Department of Community Information Systems, Zefat Academic College, Zefat, Israel.
Department of Information Systems, The Max Stern Yezreel Valley Academic College, Yezreel, Israel.
Bioinformatics. 2019 Oct 15;35(20):4020-4028. doi: 10.1093/bioinformatics/btz204.
Disease is often manifested via changes in transcript and protein abundance. MicroRNAs (miRNAs) are instrumental in regulating protein abundance and may measurably influence transcript levels. miRNAs often target more than one mRNA (for humans, the average is three), and mRNAs are often targeted by more than one miRNA (for the genes considered in this study, the average is also three). Therefore, it is difficult to determine the miRNAs that may cause the observed differential gene expression. We present a novel approach, maTE, which is based on machine learning, that integrates information about miRNA target genes with gene expression data. maTE depends on the availability of a sufficient amount of patient and control samples. The samples are used to train classifiers to accurately classify the samples on a per miRNA basis. Multiple high scoring miRNAs are used to build a final classifier to improve separation.
The aim of the study is to find a set of miRNAs causing the regulation of their target genes that best explains the difference between groups (e.g. cancer versus control). maTE provides a list of significant groups of genes where each group is targeted by a specific miRNA. For the datasets used in this study, maTE generally achieves an accuracy well above 80%. Also, the results show that when the accuracy is much lower (e.g. ∼50%), the set of miRNAs provided is likely not causative of the difference in expression. This new approach of integrating miRNA regulation with expression data yields powerful results and is independent of external labels and training data. Thereby, this approach allows new avenues for exploring miRNA regulation and may enable the development of miRNA-based biomarkers and drugs.

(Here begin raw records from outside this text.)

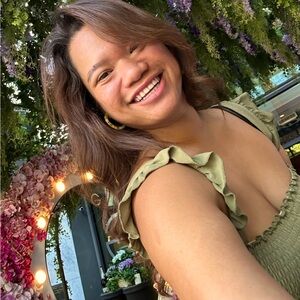 Meet your Posher, Abegail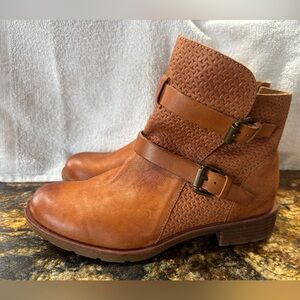 Sofft Brown Leather Slouch Strappy Boots - Size 8.5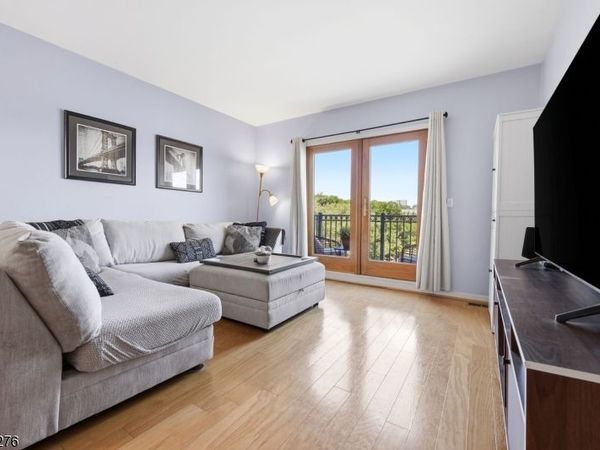 242 The Promenade, Edgewater, NJ 07020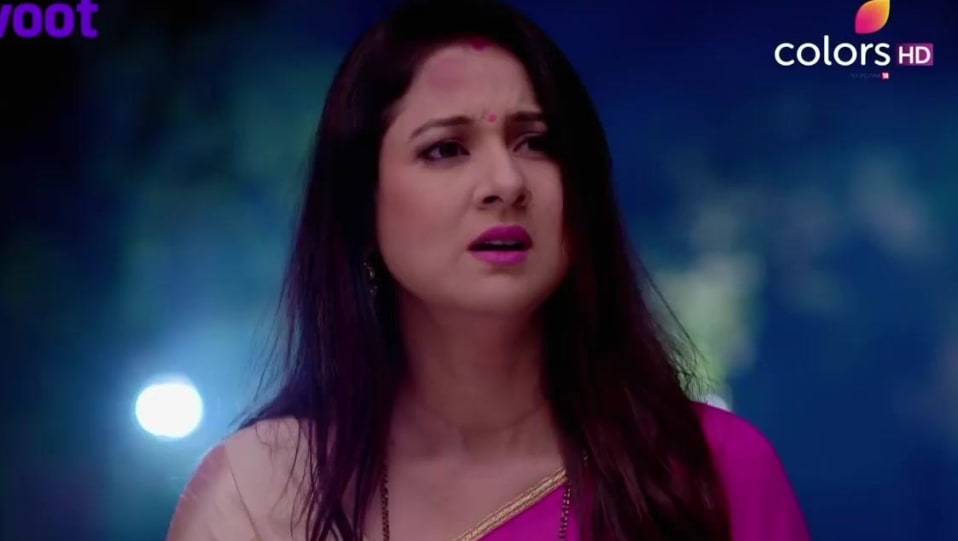 Keerti Gaekwad Kelkar Celebrity Style In Sasural Simar Ka Episode 2013 2017 From Episode 2013 Charmboard Kushi touches everyone's feets except simar and roli's, who warns her that she will keep a watch on. watch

The KNIME workflow, implementing maTE, is available at Bioinformatics online.
Supplementary data are available at Bioinformatics online.
疾病通常表现为转录物和蛋白质丰度的变化。MicroRNAs(miRNAs)在调节蛋白质丰度方面起着重要作用,并且可能对转录物水平产生可测量的影响。miRNAs 通常靶向多个 mRNA(对于人类,平均为三个),并且 mRNA 通常被多个 miRNA 靶向(对于本研究中考虑的基因,平均也是三个)。因此,很难确定可能导致观察到的差异基因表达的 miRNAs。我们提出了一种新方法 maTE,它基于机器学习,整合了 miRNA 靶基因的信息与基因表达数据。maTE 依赖于有足够数量的患者和对照样本。这些样本用于训练分类器,以准确地按 miRNA 为基础对样本进行分类。使用多个高得分 miRNA 构建最终分类器以提高分离度。
该研究的目的是找到一组 miRNA,它们调节其靶基因,从而最好地解释组间(例如癌症与对照)的差异。maTE 提供了一组显著的靶基因,每个基因都由特定的 miRNA 靶向。对于本研究中使用的数据集,maTE 通常达到了远高于 80%的准确性。此外,结果表明,当准确性低得多(例如约 50%)时,提供的 miRNA 集不太可能是表达差异的原因。这种将 miRNA 调控与表达数据整合的新方法产生了强大的结果,并且独立于外部标签和训练数据。因此,这种方法为探索 miRNA 调控开辟了新途径,并可能为 miRNA 为基础的生物标志物和药物的开发提供了可能。
KNIME 工作流程,实现 maTE,可在 Bioinformatics 在线获得。
补充数据可在 Bioinformatics 在线获得。